Synopsis

This is part of the project for the Statistical Inference class in the Johns Hopkins Data Science Specialization by Coursera.

The exponential distribution can be simulated in R with rexp(n, lambda) function where lambda is the rate parameter and n is the number of observations. The mean of the exponential distribution is 1/lambda and the standard deviation is also also 1/lambda. It sets lambda = 0.2 for all of the simulations. In this simulation, it investigates the distribution of averages of 40 exponential(0.2)s.

This report Illustrates via simulation the properties of the distribution of the mean of 40 exponential(0.2)s.
It shows:

Simulating the Exponential Distribution

First it needs to generate the simulation according to parameters specified by the project. The number of observations is 40 and lambda is 0.2. It uses set.seed function to ensure all results are reproducible.

Furthermore, it use replicate function to simulate evaluation of the mean of 40 exponential distributions.
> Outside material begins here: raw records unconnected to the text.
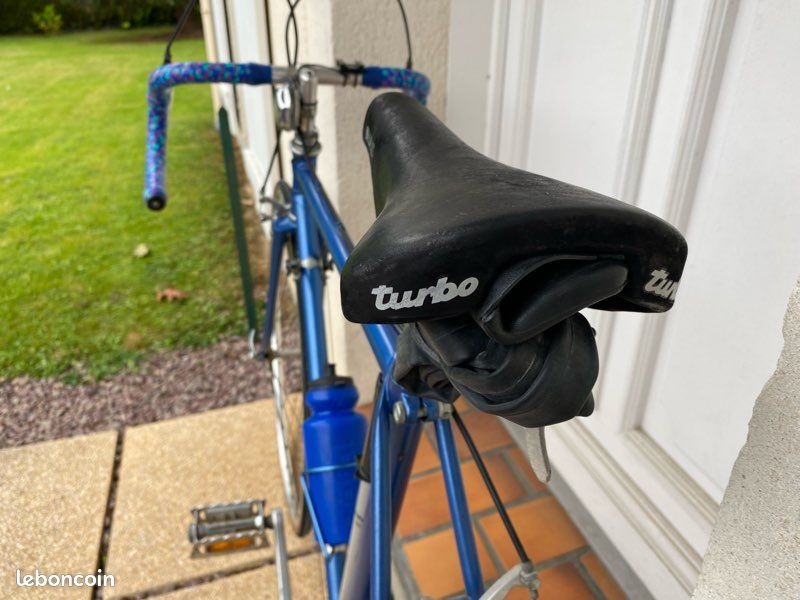 Selle vélo de course Bernard Hinault Selle Italia Turbo - Le Ritzler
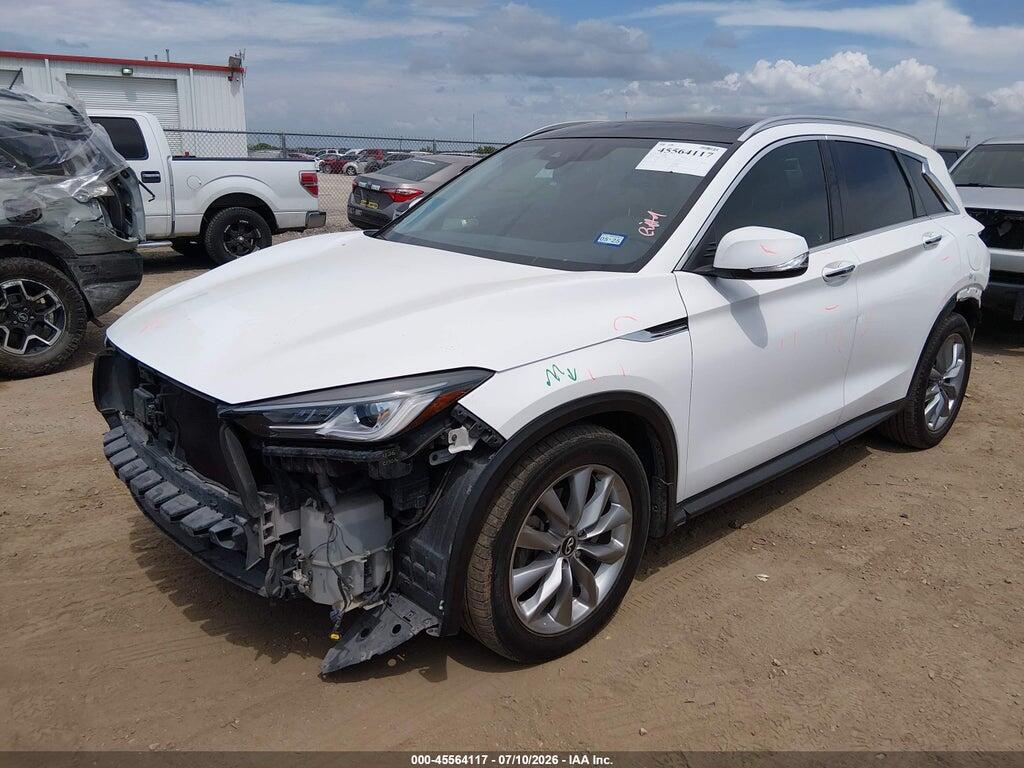 3PCAJ5BA7NF112016 2022 INFINITI QX50 photo no. 2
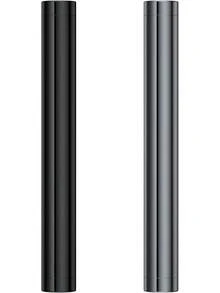 Metal Tube Container(2 Pack), Portable Aluminum Waterproof Storage Tube Holder Case Travel Box Fit In Pocket Purse Great For Traveling - Multicolor - View 1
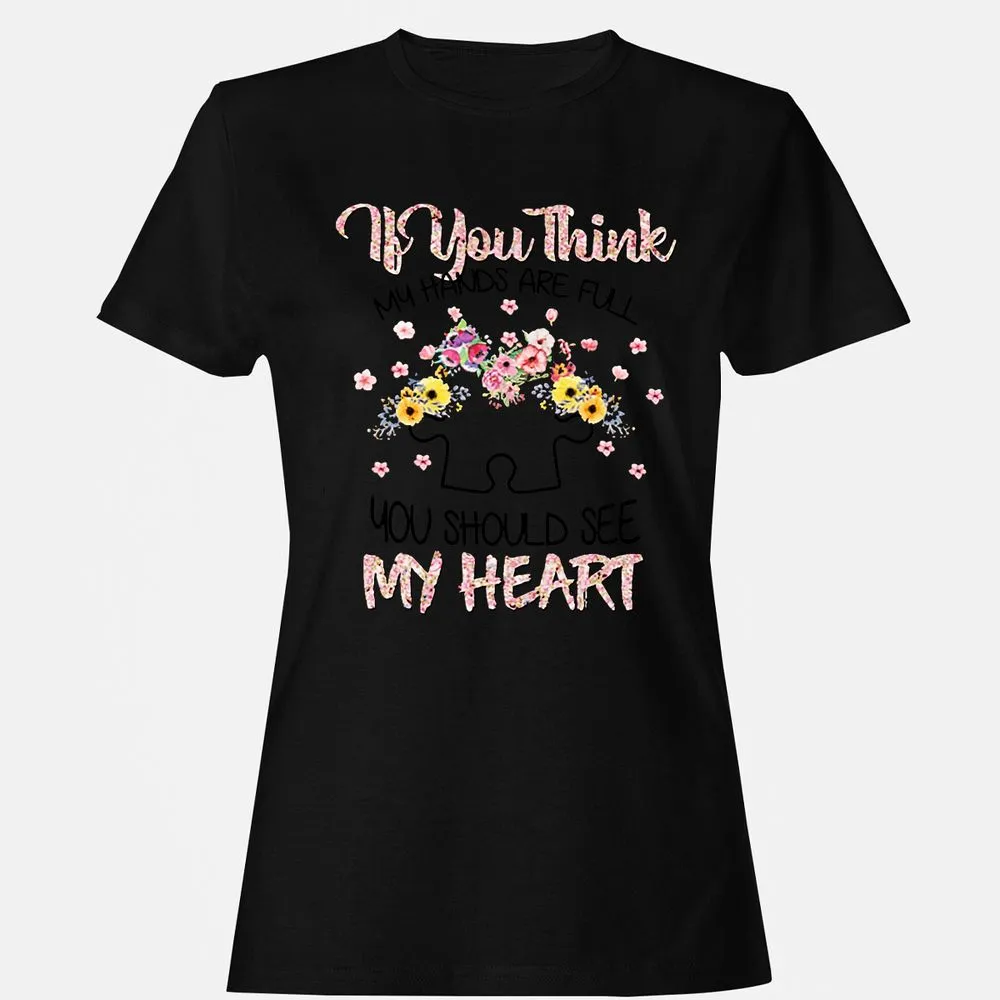 Women's T-Shirt - 1KYVQDDQ - Black - 16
In this case, it sets the number of simulations with 1500.

The following R code performs the simulation:

## Simulating the Exponential Distribution
#
#### Set parameters: lambda, number of observations and number of simulations
lambda = 0.2
samples = 40
nrSimulations = 1500
#
## Set set.seed function to get reproducible results
set.seed(50)
#
## Get the mean of each set of 40 and the means of each simulation
allMeans <- replicate(nrSimulations, mean(rexp(samples, lambda)))

Where the distribution is centered and the theoretical center of the distribution

The distribution is centered in the mean. Thus, the mean of theoretical exponential distribution is 1/lambda and the mean of the simulate data is the mean of all simulations. The following R code demonstrates that the distribution is centered approximately in the theoretical center of the exponential distribution.

## Theoretical center
theoCenter <- 1/lambda
theoCenter
## [1] 5
## Center of the simulations
mean(allMeans)
## [1] 4.966

Then, the center of the distribution simulated is approximately the theoretical center of the exponential distribution.
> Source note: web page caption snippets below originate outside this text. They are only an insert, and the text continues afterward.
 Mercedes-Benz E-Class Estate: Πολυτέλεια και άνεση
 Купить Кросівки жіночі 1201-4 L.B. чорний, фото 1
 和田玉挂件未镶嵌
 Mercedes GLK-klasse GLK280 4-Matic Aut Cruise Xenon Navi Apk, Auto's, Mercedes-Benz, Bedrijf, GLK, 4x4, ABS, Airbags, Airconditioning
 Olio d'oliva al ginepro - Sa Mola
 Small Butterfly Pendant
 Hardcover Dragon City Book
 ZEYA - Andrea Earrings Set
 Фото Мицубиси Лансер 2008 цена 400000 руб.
How variable it is relative to the theoretical variance of the distribution

The theoretical variance of the exponential distribution is (1/lambda)^2/(n), where n is the number of observations (“samples” in R code). The theoretical standard deviation is (1/lambda)/sqrt(n).

The simulated data has variance calculated by the var function in R and a standard deviation calculated by the sd function. The following R code calculates these values:

## Theoretical Variance and standard deviation
theoVariance <-  (1/lambda)^2/(samples)
theoVariance
## [1] 0.625
## Theoretical standard deviation
theoStandardDeviation <- (1/lambda)/sqrt(samples)
theoStandardDeviation
## [1] 0.7906
## Variance of the simulations
varianceSimulations <- var(allMeans)
varianceSimulations
## [1] 0.6296
## Standard deviation of the simulations
standardDeviationSimulations <-sd(allMeans)
standardDeviationSimulations
## [1] 0.7935

These values demonstrates that the theoretical variance of the distribution is similar to variance of the simulations.

The distribution is approximately normal

The normality of the simulated distribution can be verified by the Shapiro-Wilk normality test. When it gets an approximate p-value < 0.1, the distribution is approximately normal.

The following R code performs the Shapiro-Wilk normality test for the simulated distribution:

## Performing Shapiro-Wilk normality test
shapiro.test(allMeans)
## 
##  Shapiro-Wilk normality test
## 
## data:  allMeans
## W = 0.9936, p-value = 4.585e-06

How it gets a p-value < 0.1, then the simulated distribution is approximately normal. This is graphically perceptible in the following plot:

library(ggplot2)
ggplot(data = data.frame(allMeans), aes(x = allMeans)) +
        geom_histogram(binwidth = 0.2, aes(y= ..density..), fill = NA, color = "black") + 
        geom_vline(xintercept = mean(allMeans), size = 1, color = "green",linetype="dashed") + 
        geom_vline(xintercept = theoCenter, size = 1, color = "red",linetype="dashed") + 
        stat_function(fun = dnorm, color = "green", size = 1,
                      arg = list(mean = mean(allMeans), sd = standardDeviationSimulations)) +
        stat_function(fun = dnorm, color = "red", size = 1,
                      arg = list(mean = theoCenter, sd = theoStandardDeviation)) +
        ylab("density") + xlab("mean") +
        ggtitle(expression(atop("Simulated distribution and theoretical distribution", 
                                atop(italic("Green - Simulated, Red - Theoretical"), ""))))  +
        scale_x_continuous(breaks = seq(0, 8, 1)) 

plot of chunk plot